Provide hard filter values for RNAseq SNPs #62

Closed sr320 closed 2 years ago

sr320 commented 2 years ago

I have updated repo by redoing analysis up to hard filter.. standing by for recommendation on filtering. https://github.com/sr320/ceabigr/blob/main/code/11-RNAseq-snps.Rmd

ksil91 commented 2 years ago

Nice reference on what some of these filters are:
https://gatk.broadinstitute.org/hc/en-us/articles/360035890471-Hard-filtering-germline-short-variants

Ideally, you would plot the distribution of read depth across sites prior to filtering to estimate read depth parameters, but these should be fine unless you end up with very few SNPs passing filter.

Changed DP (read depth) < 15 and > 150, to < 10 and > 200.

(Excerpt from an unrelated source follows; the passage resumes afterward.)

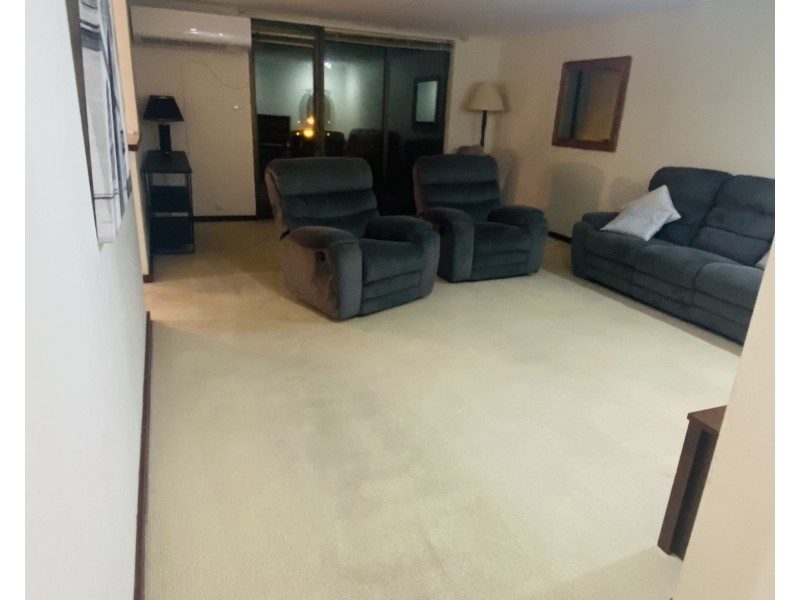 7/168 Mounts Bay Road, Perth WA 6000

Changed minimum allele frequency (AF) < 0.3 to < 0.05 (this is the most important)

--filter-name "FS" \
--filter "FS > 60.0" \
--filter-name "QD" \
--filter "QD < 2.0" \
--filter-name "QUAL30" \
--filter "QUAL < 30.0" \
--filter-name "SOR3" \
--filter "SOR > 3.0" \
--filter-name "DP10" \
--filter "DP < 10" \
--filter-name "DP200" \
--filter "DP > 200" \
--filter-name "AF05" \
--filter "AF < 0.05"